>>>>>
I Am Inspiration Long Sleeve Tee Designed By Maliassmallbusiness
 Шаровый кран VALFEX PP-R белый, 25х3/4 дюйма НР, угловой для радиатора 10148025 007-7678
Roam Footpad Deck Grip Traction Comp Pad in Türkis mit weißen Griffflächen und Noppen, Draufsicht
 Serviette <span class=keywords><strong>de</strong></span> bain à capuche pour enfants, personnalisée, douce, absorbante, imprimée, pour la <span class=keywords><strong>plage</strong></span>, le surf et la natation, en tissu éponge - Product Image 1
<<<<<
What you will do: All of the data above needs to be transcribed verbatim.

Response area:
I Am Inspiration Long Sleeve Tee Designed By Maliassmallbusiness
 Шаровый кран VALFEX PP-R белый, 25х3/4 дюйма НР, угловой для радиатора 10148025 007-7678
Roam Footpad Deck Grip Traction Comp Pad in Türkis mit weißen Griffflächen und Noppen, Draufsicht
 Serviette <span class=keywords><strong>de</strong></span> bain à capuche pour enfants, personnalisée, douce, absorbante, imprimée, pour la <span class=keywords><strong>plage</strong></span>, le surf et la natation, en tissu éponge - Product Image 1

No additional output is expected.